The Network is an educational resource enabling a learning environment where students and teachers:
- integrate on-line access with their approaches to teaching and learning
- have immediate access to abundant information resources, using them to their full potential
- can themselves make continuous improvements to the learning process
- are abreast of, and can participate in contemporary developments, discussions, trends, ideas and innovations
- can engage in distance teaching and learning, and pursue courses online that are not available face-to-face within the school
- minimise negative impacts on the environment
- acquire, exercise, share and improve IT skills appropriate to education in the digital age.
- To give access to on-line information in general, and the Internet in particular, to students and staff
- To ensure that access is secure, economical and appropriate
- To ensure that the information gathered is used appropriately.
Acceptable use guidelines
- All students must conform to current school rules in terms of acceptable behaviour and the use of school facilities.
- Behaviour on the Network must be in support of education and research and must be consistent with the educational aims and objectives of ARIS.
- Students are personally responsible and accountable for what they say and do while using the Network.
Because communication with thousands of others is so quick and easy, it is important for students to reflect before acting and to show respect for other people and their ideas.
- Students should not attempt to pass off Internet information as their own. This amounts to academic dishonesty. They must acknowledge the source(s) of information and respect the intellectual property of others in compliance with the school’s Academic Honesty Policy.
- The student is alone responsible for the security of his or her password. It should never be given to others.
- When searching for material on the Internet, students should ask themselves 'Would I be happy to show this to my teacher or parent?' If the answer is no, they should probably not be searching for that material.
- Software downloads are not allowed without the authorisation of the ICT Department.
- Students should always be able to give a satisfactory educational reason to a teacher for their use of the Network in general and the Internet in particular.
- The use of the Network is a privilege, not a right. Inappropriate use will mean loss of access.
There is a code of behaviour (netiquette) when sending email―some universal rules exist because they save misunderstanding and maintain privacy. Other rules help other users avoid wasting valuable time. Students should:
- Check email frequently.
- Keep messages in their mailbox to a minimum.
- Include their name and school at the foot of external email messages, but never give their home address, phone number or photograph.
- Not post addresses or phone numbers of peers or staff. Students may use the school address, but should remember that in doing so they represent the school and are responsible for its reputation.

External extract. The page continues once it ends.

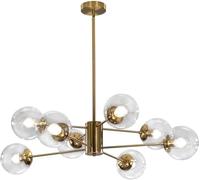 KCO Lighting Lampadario Moderno Sputnik a 8 Luci con Globo in Vetro Trasparente, Lampadario Sputnik in Ottone di Metà Secolo con Montaggio a Filo, Oro per Isola Cucina, Soggiorno (Oro + Trasparente)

- Think carefully before sending a message. Is it really necessary? Does the recipient need it?
- Always ask themselves whether or not those other people to whom the message has been copied really need to receive it. What is the other person or people expected to do in response to their copy of the message? Is their time just being wasted? Is their inbox being cluttered with things of no importance or relevance to them?
- Ensure that the default reply behaviour setting is ‘Reply’, not ‘Reply All’.
- Remember that some or all of the message can easily be forwarded to others, and can remain on a computer system until the end of time.
- Attribute any quotations to the author or source.
- Avoid emotive language.
- Use capitals according to the rules of punctuation. Excessive use of capitals is ‘shouting’.
- Ensure the subject line relates to the exact topic of the particular message and is as short and clear as possible.
- Not send personal (one-to-one) messages to discussion lists or newsgroups. It is wasting the time of those for whom the message is not intended, and may be embarrassing.
- Be mindful that Network managers have the right to read emails if there is any question of wrongdoing.
- Be mindful that information and application programmes contained on the Network are placed there for the general use of students and school personnel. Any unauthorised use of the software (including copying, downloading or uploading), materials, or other information from school-owned equipment in any form is not allowed.